With more and more people surfing shopping and workingout using the internet virtual reality workouts are set to expand from consumer tech. into the real world. Global Virtual Reality headset sales are projected to nearly double by 2023, up from 52 million devices sold in 2019 to 100 million, according to a January 2019 report from market research firm Juniper Research. By 2023, the same report predicts that Virtual Reality game revenue could top $8 billion, rising from just over $1 billion in 2019.
While the general concept of Virtual Reality workouts is pretty much the same across all devices (put on your ski-goggles-like headset, enter a virtual scene and start sweating), there are two types of headsets that have very different price points. Cheaper options, like the Bnext ($39.95) or the Optoslon ($41.99), have built-in sensors that track your movements and are only compatible with smartphones. You open the app or game you’ve downloaded, pop your phone into a compartment in the headset with the screen facing you, lift the headset to your eyes and go.

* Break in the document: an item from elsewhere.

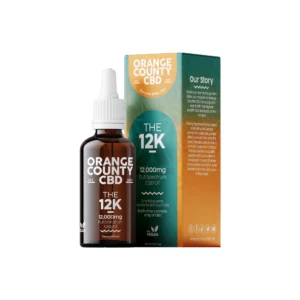 25Kmg Orange CBD Oil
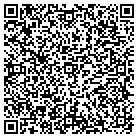 QR code with B Graphics & Fine Arts Inc contacts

More expensive setups, like the Oculus Quest (starting at $399) or PlayStation VR (starting at $199), require more computing power, so they connect to a PC or a gaming console. They typically deliver a more immersive, realistic-looking experience and may also come with additional gear, like handsets you hold while throwing punches, running mats that track your steps or remotes to select a new game while you’re already wearing your headset.
In the virtual world, there’s something for just about everyone: You can play tennis or golf or box against a virtual opponent, practice yoga, dance or even squeeze in a body-weight strength session with a game like Hot Squat, which challenges you to do as many squats as you can while ducking to navigate a series of virtual tunnels.
If you’d rather get your heart pumping with something closer to a traditional video game, there are plenty of creative options, including sword fighting with Blade and Sorcery and light saber-swinging with Beat Saber.
“Virtual Reality has the ability to essentially trick people into thinking that they aren’t working out,” Capritto says. “While some people love exercise for exercise itself, others abhor it and only do it for the health benefits, if they do it at all. Being able to insert yourself into a place you actually want to be and do an activity you actually want to do — say, in a dance studio or hiking in the Canadian Rockies — can be much more appealing than battling an overcrowded gym or going for a run on the same route you’ve been running for years.”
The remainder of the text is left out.